| EXERCISE DETAILS |
Please restate the data below word for word, omitting all images.

| DATA PROVIDED |
——————

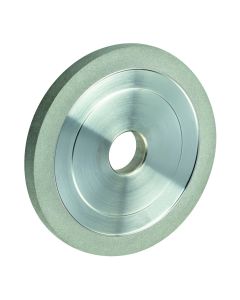 1540584O_3m-hybrid-diamond-grinding-wheel-6phn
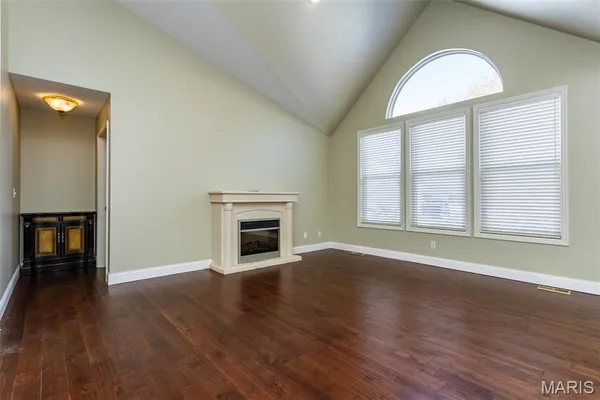 $350,000 | 406 Celesta Street, Godfrey, IL 62035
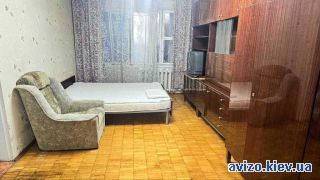 Продаю <a class='adt__geo' href='/nerukhomist/prodazh-kvartyr-budynkiv/kvartyry/kyiv-misto/q-1-кімнатні/'>1 кімната</a>-комнатную квартиру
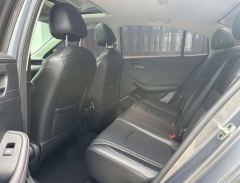 Roewe MG i5 1.5L CVT Flagship - photo 6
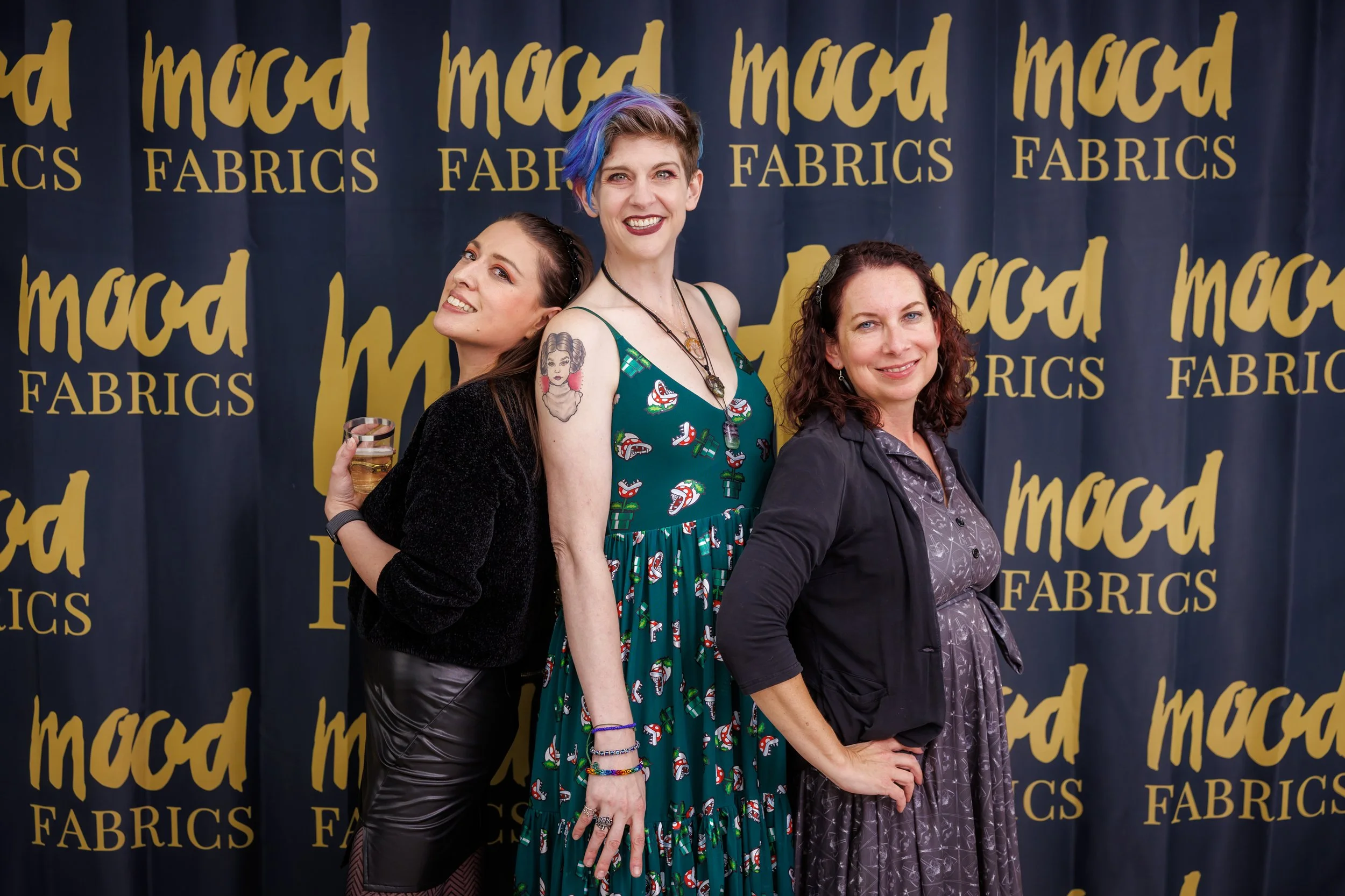 Steven Pedini Photography-11.14.2025 - Mood Fabrics Houston Grand Opening-Web-220-AH2A2116.jpg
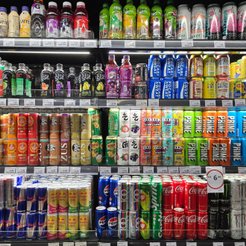 Radzikowski: Kiedy fiskalizm udaje profilaktykę, czyli przypadek opłaty cukrowej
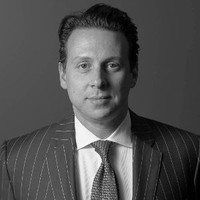 George Stergiopoulos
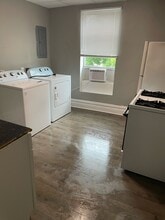428 13th St, Unit 428.5 in Huntington, WV - Building Photo - Building Photo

——————

| TASK OUTPUT |
 1540584O_3m-hybrid-diamond-grinding-wheel-6phn
 $350,000 | 406 Celesta Street, Godfrey, IL 62035
 Продаю <a class='adt__geo' href='/nerukhomist/prodazh-kvartyr-budynkiv/kvartyry/kyiv-misto/q-1-кімнатні/'>1 кімната</a>-комнатную квартиру
 Roewe MG i5 1.5L CVT Flagship - photo 6
 Steven Pedini Photography-11.14.2025 - Mood Fabrics Houston Grand Opening-Web-220-AH2A2116.jpg
 Radzikowski: Kiedy fiskalizm udaje profilaktykę, czyli przypadek opłaty cukrowej
 George Stergiopoulos
428 13th St, Unit 428.5 in Huntington, WV - Building Photo - Building Photo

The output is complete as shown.